But his facade cracks a little bit more with each passing moment.

He walks like he aches, like his very bones are covered in bruises and cuts, like one misstep could shatter him. His entire body bows like a weight is pressing down on him every time he sees Jasper’s sullen face, only emerging from his tent for enough provisions to survive before returning to solitude. Bellamy still hasn’t been able to face Chancellor Griffin, after being the last person to see her daughter before she vanished.

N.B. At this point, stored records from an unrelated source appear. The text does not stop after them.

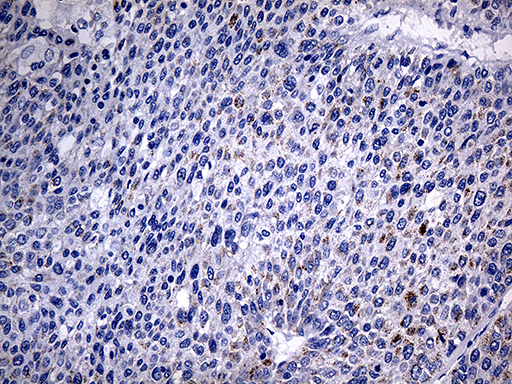 ACAA1 Antibody - Immunohistochemical staining of paraffin-embedded Carcinoma of Human liver tissue using anti-ACAA1 mouse monoclonal antibody. (Heat-induced epitope retrieval by 1mM EDTA in 10mM Tris buffer. (pH8.5) at 120°C for 3 min. (1:500)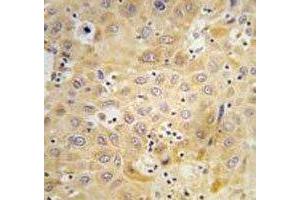 IHC analysis of FFPE human hepatocarcinoma tissue stained with ATG7 antibody (ATG7 抗体  (AA 22-51))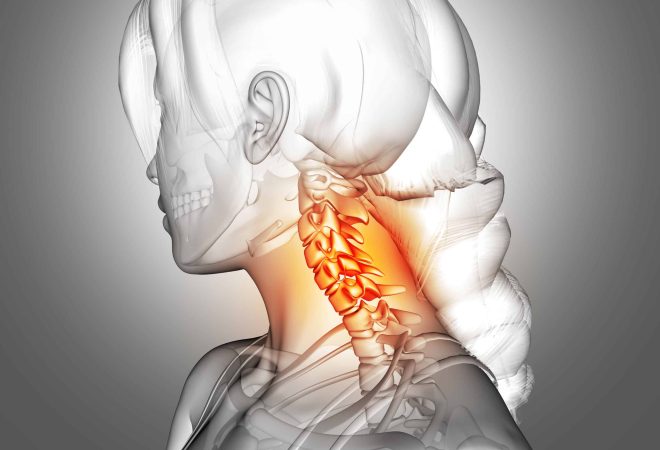 3D render of a female figure with neck bones highlighted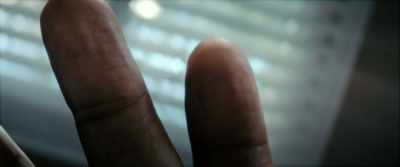 [Faraday] Adermatoglyphia.
That's what they call it here. - The Man Who Fell to Earth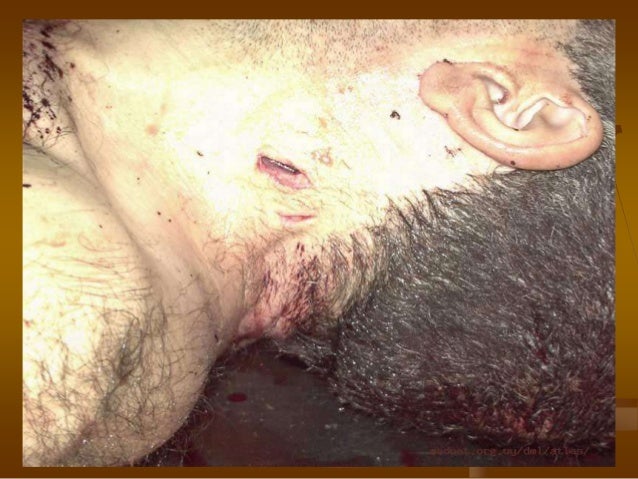 Heridas por arma blanca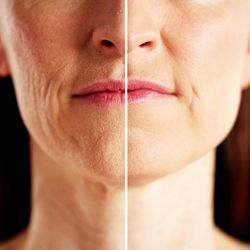 A photo of a woman's face with a line going through the center. The line demarcates a slight age difference in each half. On the left, the woman's face has more wrinkles and looks older, but on the right there is more light and her skin is smoother. 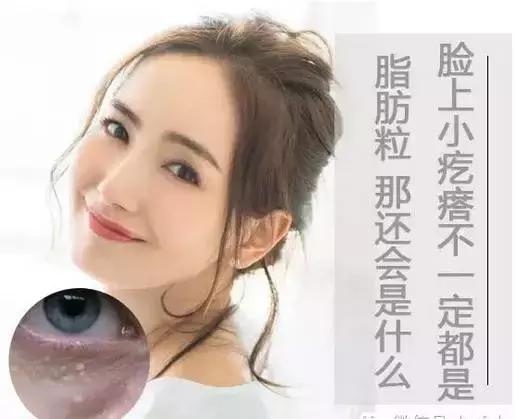 儿童脸上长一粒粒小疙瘩像脂肪粒,宝宝脸上起的类似脂肪粒的疙瘩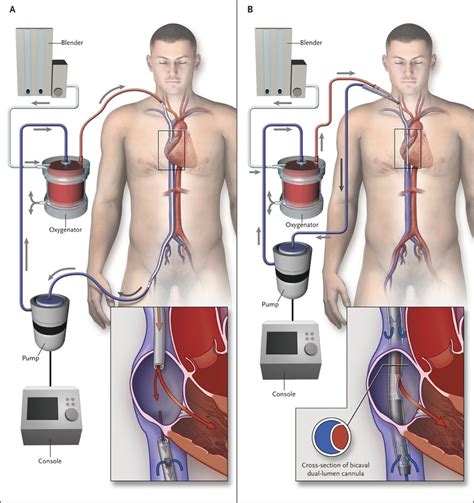 Extracorporeal Membrane Oxygenation For Ards In Adults Nejm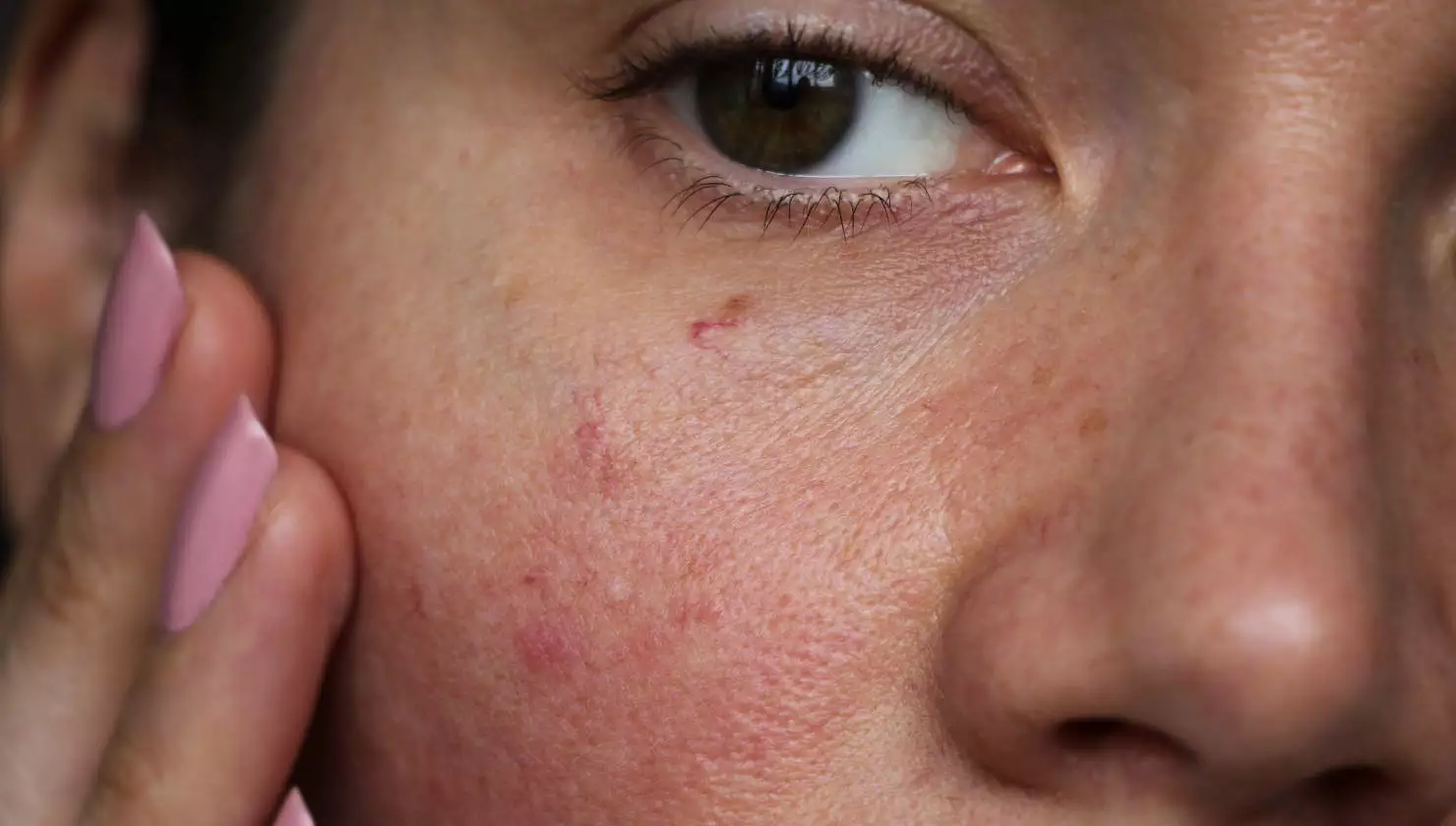 Ροδόχρους ακμή: Νέα, πολλά υποσχόμενη θεραπεία για την πάθηση ενέκρινε ο FDA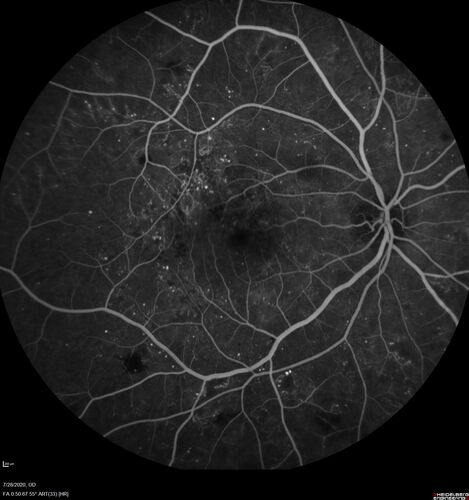 Proliferative Diabetic Retinopathy and vitreous hemorrhage left eye
44 year old man with type II diabetes for 14 years and no eye examinations in the last 5 years.  VA 20/40 right eye and 20/60 left eye.  Vision loss has been for about a week in the left eye.
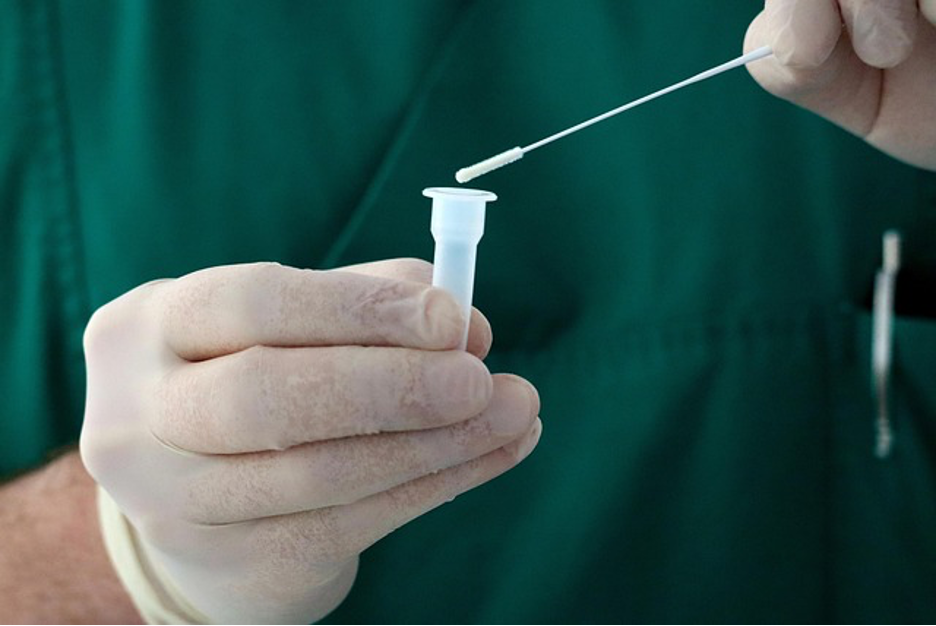 Covid Leads to Accelerated Blood Vessel Aging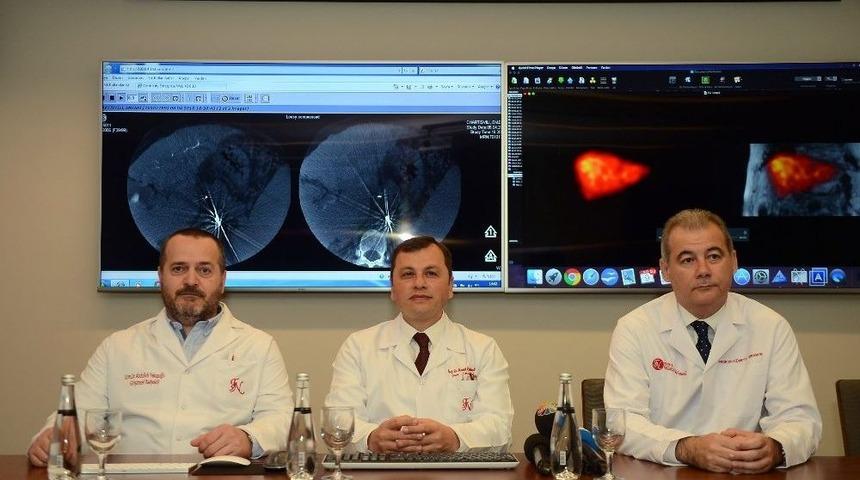 Karaciğer Kanserinde Umut Veren Uygulama T&uuml;rkiye&rsquo;de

Octavia watches it all in silence.

He doesn’t talk about what happened in Mt. Weather. Octavia doesn’t know if he doesn’t want to, or if he physically can’t find the words to say about it. Or maybe she’s just not the person he needs to be saying them to.

Octavia tries to be there for him the best she can. He spends so much time looking after others that he barely ever cares for himself, and so for now the little sister has become the caretaker. Every night she brings him his rations while he stands guard at the fence, reminding him that he needs rest too. But she knows him. Bellamy Blake must protect his people at all costs. The truce with Lexa went sour and the Sky People don’t know where they stand with the Trikru. Bellamy keeps watch with the Guard because that’s what Bellamy has to do. He doesn’t know any other way.

Octavia can’t help but feel like his darting eyes aren’t always searching for a threat, though. The heat of his gaze doesn’t look like someone searching for danger. He waits for a flash of blonde, for striking blue eyes to meet his. She knows it, because the look on his face is a look of _need_.

One night she’s sick of it. It’s been months since Clarke left, but the look on her older brother’s face is as broken as ever. Most people have recovered from the tragedy in Mt. Weather, but Bellamy has only gotten worse as time goes on. She’s afraid to touch him, afraid that the contact might shatter him completely.

“Why don’t you just go after her?” Octavia spits at him, half of her fed up with him and the other scared of how much longer he can go on this way.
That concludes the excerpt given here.